Austin native Mike Notermann will coach the teams, but Austin Bruins coach Steve Howard, Rochester Grizzlies coach Chris Ratzloff and other members of the Bruins’ and Grizzlies’ staff will also help the Bears.
Notermann played for the United States Hockey League’s (USHL) Waterloo Black Hawks from 1985 to 1987 before he played for St. Cloud State University.
“We’re looking forward to him taking the reins,” Howard said.
He said the U16 and U18 teams will practice together for over 20 hours on Monday and Wednesday nights starting in mid-August and ending in mid-October before the high school hockey starts in November.

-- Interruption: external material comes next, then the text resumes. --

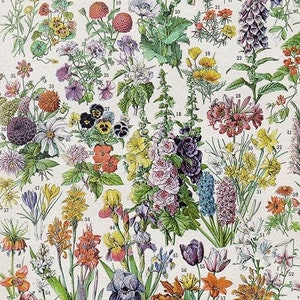 Blumen Poster zum selbst ausdrucken, Küchendeko, Blumenkarte, Vintage Blumen Poster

He said the training portion of these new teams will help high school skaters in a variety of ways. “It will get them on the ice and learn from what we like our players to do, get them used to that fast-paced style, which hopefully carries over into their high school season, and get them in mid-season form by the time November hits,” he said.
In addition to getting in better shape, Ratzloff said the skaters will work on a lot of skill development, specifically their skating, puck handling, passing, shooting and small area concepts.
“Their overall development and getting them prepared for the high school is the goal of the program,” he said.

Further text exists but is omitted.